This is only a partial answer. I assume that $X$ have finite amount of connected components.

If $X$ is finite then $C_b(X)$ is finite dimensional and the result follows. If $X$ is infinite then $C_b(X)$ and $c_b(X)^{**}$ are infinite dimensional. Assume $C_b(X)$ is reflexive. Since $C_b(X)^{**}$ is the dual space, then by Banach–Alaoglu theorem its unit ball of $C_b(X)^{**}$ is weak-$^*$ compact. Hence by Krein–Milman theorem this unit ball is closed convex hull of its extreme points.
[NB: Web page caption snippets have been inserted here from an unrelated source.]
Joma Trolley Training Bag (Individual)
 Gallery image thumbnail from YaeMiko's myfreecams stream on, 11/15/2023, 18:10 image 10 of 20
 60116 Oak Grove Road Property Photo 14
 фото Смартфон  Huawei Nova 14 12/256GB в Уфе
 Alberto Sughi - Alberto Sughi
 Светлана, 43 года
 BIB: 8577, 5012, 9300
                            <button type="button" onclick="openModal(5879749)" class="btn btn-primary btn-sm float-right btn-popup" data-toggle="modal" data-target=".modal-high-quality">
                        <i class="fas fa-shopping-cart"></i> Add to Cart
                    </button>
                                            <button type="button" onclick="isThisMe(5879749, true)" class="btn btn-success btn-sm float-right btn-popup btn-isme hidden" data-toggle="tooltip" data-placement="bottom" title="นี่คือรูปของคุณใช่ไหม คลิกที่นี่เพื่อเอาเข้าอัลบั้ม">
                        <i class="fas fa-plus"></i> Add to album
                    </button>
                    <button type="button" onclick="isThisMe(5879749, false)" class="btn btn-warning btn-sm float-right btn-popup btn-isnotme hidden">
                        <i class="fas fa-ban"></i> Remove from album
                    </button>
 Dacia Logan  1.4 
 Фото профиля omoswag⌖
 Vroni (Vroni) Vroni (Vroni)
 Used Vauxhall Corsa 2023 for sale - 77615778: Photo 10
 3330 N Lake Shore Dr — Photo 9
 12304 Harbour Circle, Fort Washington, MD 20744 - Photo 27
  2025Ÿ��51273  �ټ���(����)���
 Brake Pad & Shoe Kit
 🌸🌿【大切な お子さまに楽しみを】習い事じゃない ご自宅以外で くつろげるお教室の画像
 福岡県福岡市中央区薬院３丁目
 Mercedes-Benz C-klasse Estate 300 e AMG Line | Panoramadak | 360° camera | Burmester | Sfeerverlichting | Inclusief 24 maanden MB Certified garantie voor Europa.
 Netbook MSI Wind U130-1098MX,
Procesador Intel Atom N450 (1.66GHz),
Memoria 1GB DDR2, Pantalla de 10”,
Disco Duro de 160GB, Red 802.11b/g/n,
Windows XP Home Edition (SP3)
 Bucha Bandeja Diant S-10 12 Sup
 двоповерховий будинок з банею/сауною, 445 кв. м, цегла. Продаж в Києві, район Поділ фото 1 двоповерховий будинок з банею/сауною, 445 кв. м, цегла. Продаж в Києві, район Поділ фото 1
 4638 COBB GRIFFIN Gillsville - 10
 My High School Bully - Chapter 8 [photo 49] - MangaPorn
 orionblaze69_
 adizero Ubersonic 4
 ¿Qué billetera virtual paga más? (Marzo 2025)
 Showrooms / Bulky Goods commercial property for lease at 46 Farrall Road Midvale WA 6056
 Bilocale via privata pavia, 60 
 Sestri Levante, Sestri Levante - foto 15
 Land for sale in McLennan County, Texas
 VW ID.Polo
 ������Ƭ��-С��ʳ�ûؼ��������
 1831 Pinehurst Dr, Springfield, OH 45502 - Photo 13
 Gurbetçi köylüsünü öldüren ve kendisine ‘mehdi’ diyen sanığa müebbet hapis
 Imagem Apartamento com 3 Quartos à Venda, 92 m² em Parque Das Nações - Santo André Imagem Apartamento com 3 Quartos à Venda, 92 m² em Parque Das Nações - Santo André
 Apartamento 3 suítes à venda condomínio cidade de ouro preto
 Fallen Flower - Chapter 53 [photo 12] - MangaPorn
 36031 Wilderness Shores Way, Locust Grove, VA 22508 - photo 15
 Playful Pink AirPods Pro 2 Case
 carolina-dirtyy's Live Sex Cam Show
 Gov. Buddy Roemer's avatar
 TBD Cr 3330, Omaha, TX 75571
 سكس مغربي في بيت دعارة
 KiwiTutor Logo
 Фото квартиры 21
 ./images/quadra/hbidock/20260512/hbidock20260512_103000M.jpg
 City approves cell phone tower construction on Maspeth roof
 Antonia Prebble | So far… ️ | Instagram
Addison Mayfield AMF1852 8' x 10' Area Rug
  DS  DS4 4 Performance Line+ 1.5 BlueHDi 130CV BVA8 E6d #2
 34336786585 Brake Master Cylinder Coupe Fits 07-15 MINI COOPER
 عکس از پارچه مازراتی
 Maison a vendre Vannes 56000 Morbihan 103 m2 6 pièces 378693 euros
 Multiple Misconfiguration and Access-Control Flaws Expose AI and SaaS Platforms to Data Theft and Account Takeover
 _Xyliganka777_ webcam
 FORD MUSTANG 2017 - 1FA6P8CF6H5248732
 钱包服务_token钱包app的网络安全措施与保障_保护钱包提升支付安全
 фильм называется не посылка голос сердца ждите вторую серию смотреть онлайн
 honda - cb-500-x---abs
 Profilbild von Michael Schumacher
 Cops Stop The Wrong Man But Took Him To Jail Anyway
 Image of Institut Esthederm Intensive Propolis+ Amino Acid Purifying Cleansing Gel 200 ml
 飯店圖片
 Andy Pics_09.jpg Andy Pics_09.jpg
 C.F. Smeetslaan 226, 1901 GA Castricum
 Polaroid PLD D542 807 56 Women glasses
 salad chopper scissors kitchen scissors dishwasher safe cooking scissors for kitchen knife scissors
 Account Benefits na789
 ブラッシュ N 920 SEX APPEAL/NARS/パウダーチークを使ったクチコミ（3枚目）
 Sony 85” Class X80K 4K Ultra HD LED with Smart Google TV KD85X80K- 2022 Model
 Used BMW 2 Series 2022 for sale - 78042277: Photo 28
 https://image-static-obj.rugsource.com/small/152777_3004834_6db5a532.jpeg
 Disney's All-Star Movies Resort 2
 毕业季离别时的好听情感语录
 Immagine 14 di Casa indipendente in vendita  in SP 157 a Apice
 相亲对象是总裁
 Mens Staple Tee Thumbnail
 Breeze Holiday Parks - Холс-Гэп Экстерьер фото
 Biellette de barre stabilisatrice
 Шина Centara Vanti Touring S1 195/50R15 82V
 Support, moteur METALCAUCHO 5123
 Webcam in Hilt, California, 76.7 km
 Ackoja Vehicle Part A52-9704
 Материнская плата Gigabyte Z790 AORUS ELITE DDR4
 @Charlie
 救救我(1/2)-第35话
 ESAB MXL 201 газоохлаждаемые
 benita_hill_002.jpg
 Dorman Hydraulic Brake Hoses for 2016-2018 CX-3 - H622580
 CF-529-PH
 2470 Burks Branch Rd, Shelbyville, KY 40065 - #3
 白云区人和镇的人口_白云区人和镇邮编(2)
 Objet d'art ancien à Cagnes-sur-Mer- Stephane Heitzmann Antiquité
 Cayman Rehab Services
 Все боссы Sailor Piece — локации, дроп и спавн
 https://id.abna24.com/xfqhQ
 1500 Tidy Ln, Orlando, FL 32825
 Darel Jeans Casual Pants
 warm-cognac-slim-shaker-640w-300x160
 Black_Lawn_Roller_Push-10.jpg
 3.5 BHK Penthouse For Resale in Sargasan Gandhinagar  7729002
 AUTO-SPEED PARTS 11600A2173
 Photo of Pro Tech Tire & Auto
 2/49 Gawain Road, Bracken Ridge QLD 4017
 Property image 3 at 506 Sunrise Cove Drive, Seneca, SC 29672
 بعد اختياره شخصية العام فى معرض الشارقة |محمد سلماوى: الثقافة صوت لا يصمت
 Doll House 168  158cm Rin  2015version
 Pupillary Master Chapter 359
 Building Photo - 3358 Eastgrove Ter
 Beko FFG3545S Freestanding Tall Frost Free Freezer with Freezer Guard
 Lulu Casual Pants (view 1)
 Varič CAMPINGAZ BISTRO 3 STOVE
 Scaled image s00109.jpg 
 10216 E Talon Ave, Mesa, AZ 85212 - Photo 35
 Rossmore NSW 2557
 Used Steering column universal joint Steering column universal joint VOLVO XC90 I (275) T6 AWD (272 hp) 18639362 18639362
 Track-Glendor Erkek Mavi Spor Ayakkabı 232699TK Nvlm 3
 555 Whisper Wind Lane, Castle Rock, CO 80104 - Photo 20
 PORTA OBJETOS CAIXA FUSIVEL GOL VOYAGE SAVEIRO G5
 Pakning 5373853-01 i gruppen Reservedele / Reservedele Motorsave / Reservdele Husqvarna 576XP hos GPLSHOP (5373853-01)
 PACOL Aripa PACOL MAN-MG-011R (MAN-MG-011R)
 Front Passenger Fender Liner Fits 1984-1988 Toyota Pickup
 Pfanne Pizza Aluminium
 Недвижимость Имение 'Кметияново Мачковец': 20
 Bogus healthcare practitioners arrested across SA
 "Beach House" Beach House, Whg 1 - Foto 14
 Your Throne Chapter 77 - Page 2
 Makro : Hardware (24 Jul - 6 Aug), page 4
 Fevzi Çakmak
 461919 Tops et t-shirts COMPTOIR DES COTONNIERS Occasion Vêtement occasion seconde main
Since $C_b(X)$ is reflexive, then $C_b(X)^{**}$ is isometricaly isomorphic to $C_b(X)$. As the consequence extreme points of unit ball of $C_b(X)^{**}$ is one-to-one correspondence with exteme points of unita ball of $C_b(X)$. One can check that there finitely many extreme points in the unit ball of $C_b(X)$. They are of the form $\sum\limits_{i=1}^n\alpha_i{1_{S_i}}$ whre $\{S_i\}_{i=1}^n$ are connected component of $X$ and $|\alpha_i|=1$ for all $i$. Thus unit ball of $C_b(X)^{**}$ is closed convex hull of finite amount of points! This implies that $C_b(X)^{**}$ is finite dimensional. Contradiction, hence $C_b(X)$ is not reflexive.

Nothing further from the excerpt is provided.